Exercise materials:
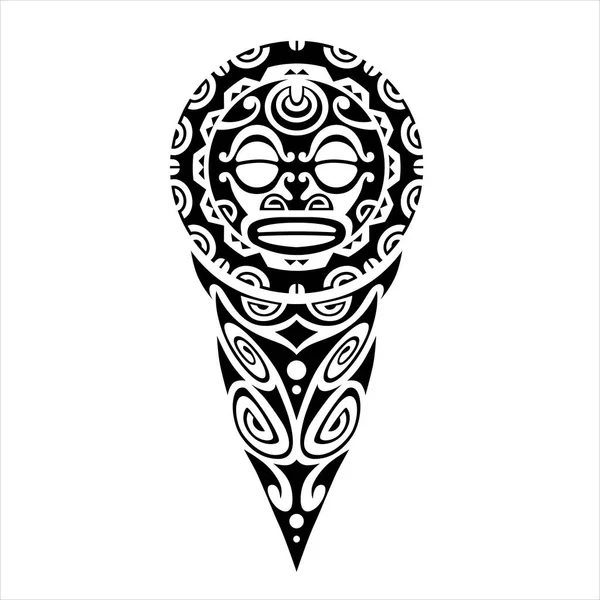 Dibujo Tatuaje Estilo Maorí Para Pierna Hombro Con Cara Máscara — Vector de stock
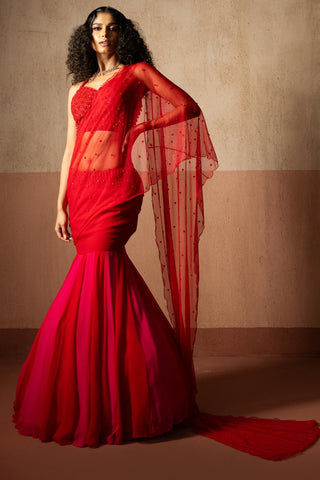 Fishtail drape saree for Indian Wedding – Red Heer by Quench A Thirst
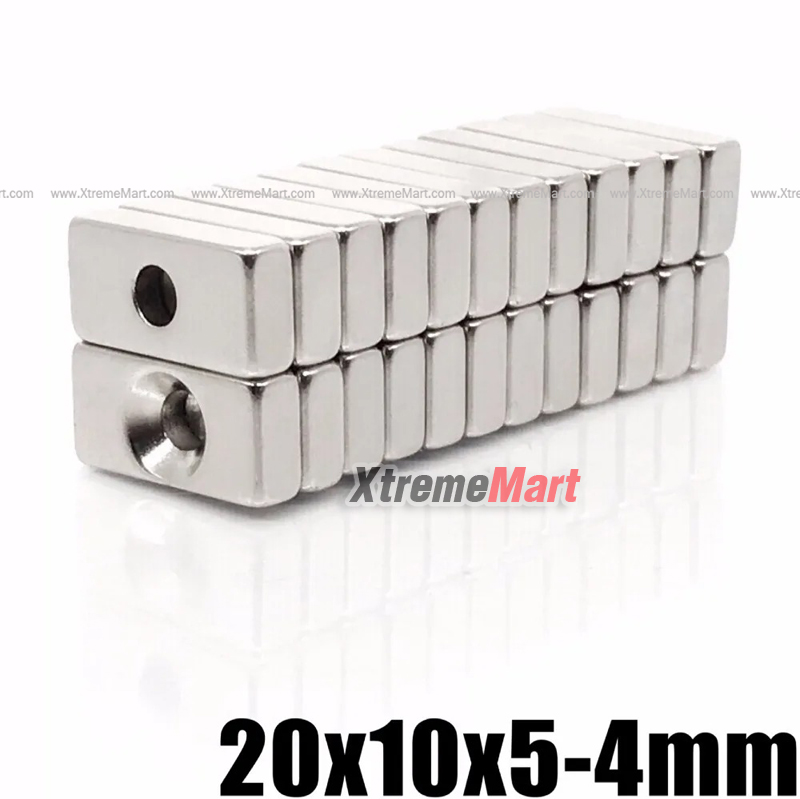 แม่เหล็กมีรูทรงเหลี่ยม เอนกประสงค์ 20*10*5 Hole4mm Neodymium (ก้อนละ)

---

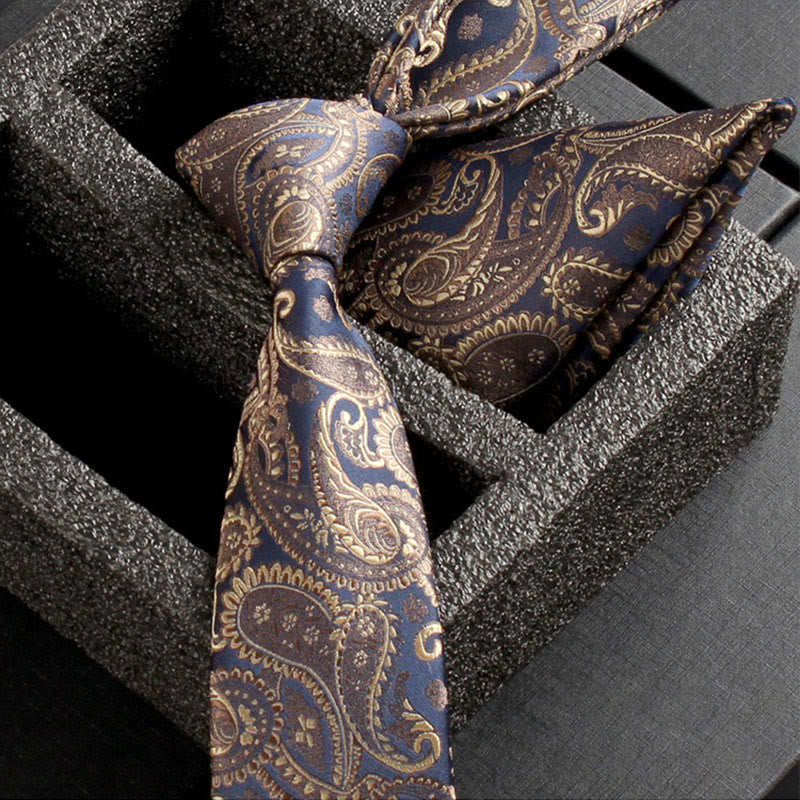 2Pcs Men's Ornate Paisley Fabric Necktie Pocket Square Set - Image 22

Exercise: Using the data above, give again exactly the lines starting at the one holding "Dibujo Tatuaje Estilo" and ending at the one holding "แม่เหล็กมีรูทรงเหลี่ยม เอนกประสงค์ 20*10*5", inclusive, and nothing more. Omit the pictures.

Task solution:
 Dibujo Tatuaje Estilo Maorí Para Pierna Hombro Con Cara Máscara — Vector de stock
 Fishtail drape saree for Indian Wedding – Red Heer by Quench A Thirst
 แม่เหล็กมีรูทรงเหลี่ยม เอนกประสงค์ 20*10*5 Hole4mm Neodymium (ก้อนละ)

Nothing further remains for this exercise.